Nobody wants to admit that the Constitution is broken

The Constitution was designed to prevent majoritarianism--the tyranny of the majority. Perhaps this was a response to the years of arbitrary rule from the other side of the Atlantic, fresh in the memories of all the Founders.

The problem is that the Constitution succeeded so well at this that it left America vulnerable to minoritarianism--the tyranny of the minority.

This is why subsequent democracies adopted a parliamentary system instead of ours. That system isn't perfect--none is or ever will be--but it does enable government to function, while also enabling the majority's decisions to be challenged electorally whenever the tide goes against those in power.

Whereas our system enables a small minority to sabotage government and, in the case of America, even the world economy. No one is ever responsible for anything, because each can always point the finger at the other and say "If not for their interference Paradise would have been ours."

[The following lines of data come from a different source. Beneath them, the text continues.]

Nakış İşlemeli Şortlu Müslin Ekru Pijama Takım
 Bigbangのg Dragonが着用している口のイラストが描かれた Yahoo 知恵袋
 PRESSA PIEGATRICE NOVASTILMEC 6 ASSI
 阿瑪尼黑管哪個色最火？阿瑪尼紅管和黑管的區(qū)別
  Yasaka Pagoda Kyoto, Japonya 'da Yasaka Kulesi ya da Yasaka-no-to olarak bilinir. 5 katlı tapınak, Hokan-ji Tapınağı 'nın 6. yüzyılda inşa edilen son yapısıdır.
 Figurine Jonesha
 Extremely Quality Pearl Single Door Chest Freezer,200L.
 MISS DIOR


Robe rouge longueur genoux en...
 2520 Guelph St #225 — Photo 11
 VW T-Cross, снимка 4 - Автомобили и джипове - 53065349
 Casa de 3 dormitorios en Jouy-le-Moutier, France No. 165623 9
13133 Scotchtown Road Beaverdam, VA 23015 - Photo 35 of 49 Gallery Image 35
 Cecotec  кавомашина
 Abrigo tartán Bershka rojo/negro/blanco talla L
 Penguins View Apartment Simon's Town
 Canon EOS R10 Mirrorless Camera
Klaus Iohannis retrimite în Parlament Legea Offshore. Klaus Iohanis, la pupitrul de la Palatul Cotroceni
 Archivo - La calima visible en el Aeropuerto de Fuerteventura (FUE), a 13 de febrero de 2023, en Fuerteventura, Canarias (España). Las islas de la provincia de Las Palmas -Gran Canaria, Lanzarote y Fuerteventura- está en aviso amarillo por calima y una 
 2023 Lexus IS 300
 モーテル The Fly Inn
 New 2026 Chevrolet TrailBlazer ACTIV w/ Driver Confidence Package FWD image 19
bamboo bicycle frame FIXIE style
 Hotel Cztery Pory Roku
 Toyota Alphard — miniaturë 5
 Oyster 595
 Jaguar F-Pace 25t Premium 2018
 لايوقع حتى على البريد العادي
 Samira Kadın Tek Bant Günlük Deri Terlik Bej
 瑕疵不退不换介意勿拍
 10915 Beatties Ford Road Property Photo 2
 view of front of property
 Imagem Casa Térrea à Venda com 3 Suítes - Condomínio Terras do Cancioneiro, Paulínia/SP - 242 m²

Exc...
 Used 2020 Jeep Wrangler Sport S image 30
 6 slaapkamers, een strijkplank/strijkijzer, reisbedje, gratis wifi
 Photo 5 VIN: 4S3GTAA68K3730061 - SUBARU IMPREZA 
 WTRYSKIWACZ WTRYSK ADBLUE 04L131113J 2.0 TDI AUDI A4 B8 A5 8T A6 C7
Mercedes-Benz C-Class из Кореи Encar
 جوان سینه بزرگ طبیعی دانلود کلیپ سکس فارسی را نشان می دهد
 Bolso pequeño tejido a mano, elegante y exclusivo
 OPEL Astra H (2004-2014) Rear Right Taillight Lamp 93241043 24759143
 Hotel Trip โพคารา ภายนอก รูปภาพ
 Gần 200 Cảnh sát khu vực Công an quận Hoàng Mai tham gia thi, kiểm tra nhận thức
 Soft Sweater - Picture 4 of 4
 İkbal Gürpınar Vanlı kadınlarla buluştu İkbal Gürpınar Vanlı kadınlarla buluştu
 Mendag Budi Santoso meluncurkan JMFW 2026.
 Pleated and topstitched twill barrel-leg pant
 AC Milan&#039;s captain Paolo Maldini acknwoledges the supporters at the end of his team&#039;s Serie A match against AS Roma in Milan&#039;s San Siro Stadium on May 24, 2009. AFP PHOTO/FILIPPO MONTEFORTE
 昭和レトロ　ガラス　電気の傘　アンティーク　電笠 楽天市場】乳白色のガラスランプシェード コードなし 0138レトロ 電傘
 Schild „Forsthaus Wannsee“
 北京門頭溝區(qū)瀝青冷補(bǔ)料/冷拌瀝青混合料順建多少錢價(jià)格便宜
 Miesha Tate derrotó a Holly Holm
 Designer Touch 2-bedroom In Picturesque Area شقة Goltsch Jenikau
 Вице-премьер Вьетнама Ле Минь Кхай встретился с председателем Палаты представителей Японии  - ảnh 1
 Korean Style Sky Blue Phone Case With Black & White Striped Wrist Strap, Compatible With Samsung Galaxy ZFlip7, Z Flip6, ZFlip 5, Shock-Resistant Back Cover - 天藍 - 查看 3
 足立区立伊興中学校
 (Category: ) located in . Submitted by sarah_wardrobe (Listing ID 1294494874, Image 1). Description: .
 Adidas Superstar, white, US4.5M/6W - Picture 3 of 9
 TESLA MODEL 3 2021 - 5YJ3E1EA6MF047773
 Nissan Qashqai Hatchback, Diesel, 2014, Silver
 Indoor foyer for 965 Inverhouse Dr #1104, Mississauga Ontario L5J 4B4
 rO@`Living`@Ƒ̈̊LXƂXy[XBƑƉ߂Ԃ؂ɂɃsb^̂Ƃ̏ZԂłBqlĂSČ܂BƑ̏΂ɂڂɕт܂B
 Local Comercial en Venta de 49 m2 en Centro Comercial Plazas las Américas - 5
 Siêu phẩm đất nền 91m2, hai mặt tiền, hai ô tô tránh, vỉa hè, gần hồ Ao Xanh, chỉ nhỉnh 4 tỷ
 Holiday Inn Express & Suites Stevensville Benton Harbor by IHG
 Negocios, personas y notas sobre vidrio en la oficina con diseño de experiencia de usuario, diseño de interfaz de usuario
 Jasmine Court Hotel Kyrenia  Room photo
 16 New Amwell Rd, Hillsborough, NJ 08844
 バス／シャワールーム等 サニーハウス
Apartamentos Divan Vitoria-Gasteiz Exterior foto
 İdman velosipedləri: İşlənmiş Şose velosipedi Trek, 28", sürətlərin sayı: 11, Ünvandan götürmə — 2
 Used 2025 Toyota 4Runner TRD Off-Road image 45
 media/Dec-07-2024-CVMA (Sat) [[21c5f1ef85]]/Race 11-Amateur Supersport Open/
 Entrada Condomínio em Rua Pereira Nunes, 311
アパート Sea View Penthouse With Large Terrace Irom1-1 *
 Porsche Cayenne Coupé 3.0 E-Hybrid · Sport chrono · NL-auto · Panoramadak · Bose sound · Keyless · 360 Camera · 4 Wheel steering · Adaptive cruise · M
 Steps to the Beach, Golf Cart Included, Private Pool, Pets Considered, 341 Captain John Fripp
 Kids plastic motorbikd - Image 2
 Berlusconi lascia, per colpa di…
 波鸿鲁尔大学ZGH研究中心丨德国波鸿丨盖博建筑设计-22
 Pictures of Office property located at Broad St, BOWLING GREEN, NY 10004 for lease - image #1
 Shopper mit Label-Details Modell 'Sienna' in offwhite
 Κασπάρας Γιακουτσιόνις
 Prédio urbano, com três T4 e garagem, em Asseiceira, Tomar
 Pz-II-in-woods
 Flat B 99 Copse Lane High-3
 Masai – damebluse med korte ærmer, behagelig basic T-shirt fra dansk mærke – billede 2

That's one of the worst consequences of our system: the dilution of responsibility for what the government does or doesn't do.

One thing would go a long way to fix this, short of a Constitution Convention leading to the adoption of a parliamentary system (the system that works efficiently for most of our fellow rich nations): a Constitutional amendment mandating nonpartisan redistricting nationwide.

That isn't a cure-all but it would reduce today's invulnerable  incumbency in most Congressional seats--and it would eliminate the ability of Republicans in some states to control the state legislature despite being in the minority in some states they control.